Dynamic Compression Damage Energy Consumption and Fractal Characteristics of Shale

Abstract EN

Studying the relationship between energy consumption and crushed size of shale under different loading conditions is the key to efficient shale cracking.

The split Hopkinson pressure bar system was used to study the dynamic mechanical properties of shale under parallel- and vertical-bedding loading, and energy dissipation in the impact tests was calculated.

Relationships between the average crushed size of shale fracture products and energy dissipation and between the fractal dimension and dissipated energy were studied using fractal theory.

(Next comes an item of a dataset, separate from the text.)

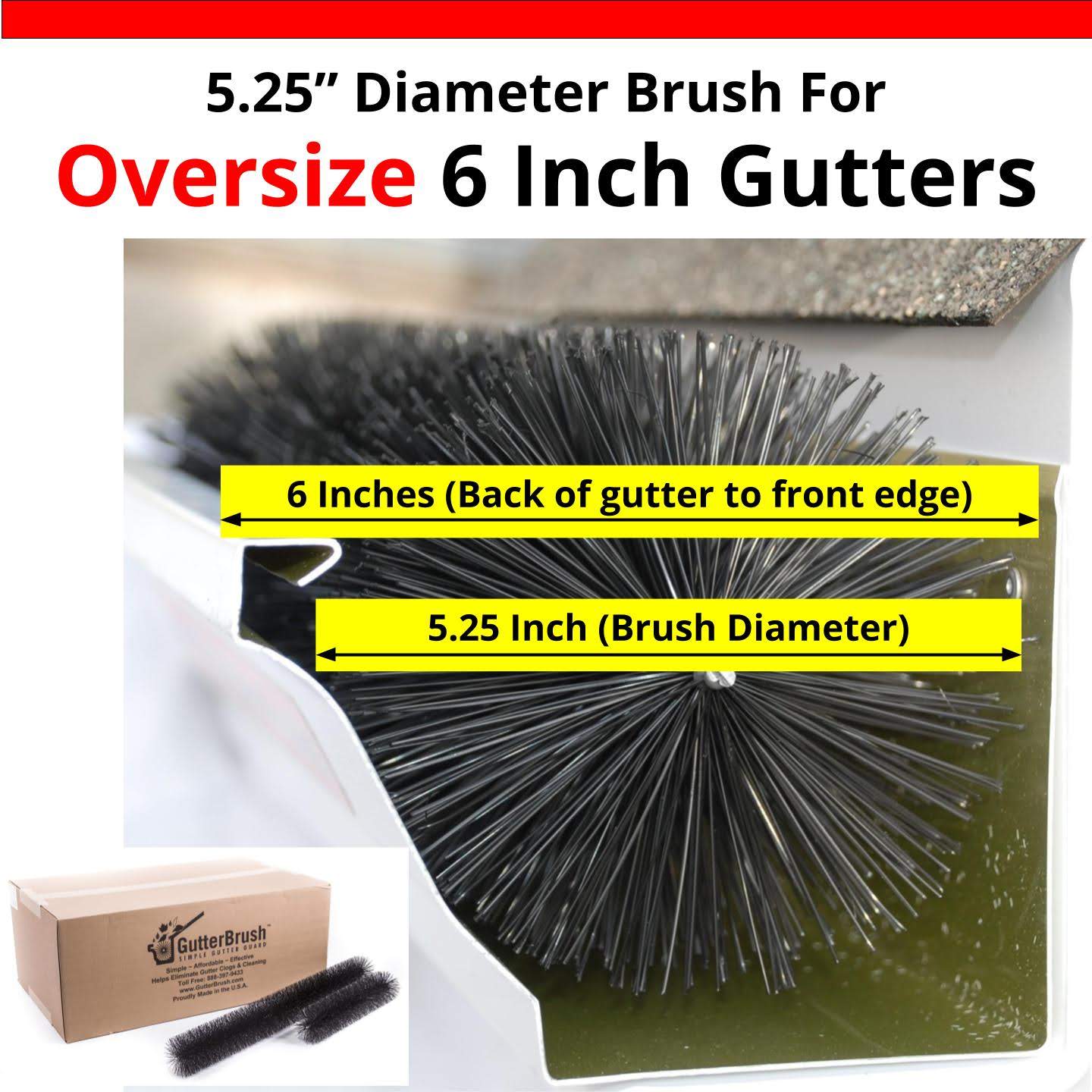 GutterBrush 6" Roof Rain Leaf Gutter Guard w/ Bristles, 60 Ft. Pack (Open Box)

The experimental results showed that the dynamic compressive strength of shale under parallel- and vertical-bedding conditions had an obvious positive correlation with the strain rate.

Dissipative energy of the shale samples under loading in both directions increased with the increase of strain rate.

The increase of the strain rate enhanced crushing of the sample.

The vertical-bedding shale samples had stronger ability to absorb energy and more internal crack propagation.

Dissipative energies of the shale samples in the parallel- and vertical-bedding impact tests were positively related to the fractal dimension.

The fractal dimension increased with the increase of dissipative energy during sample failure; with further increase in the dissipative energy, its effect on the change of fractal dimension gradually weakened.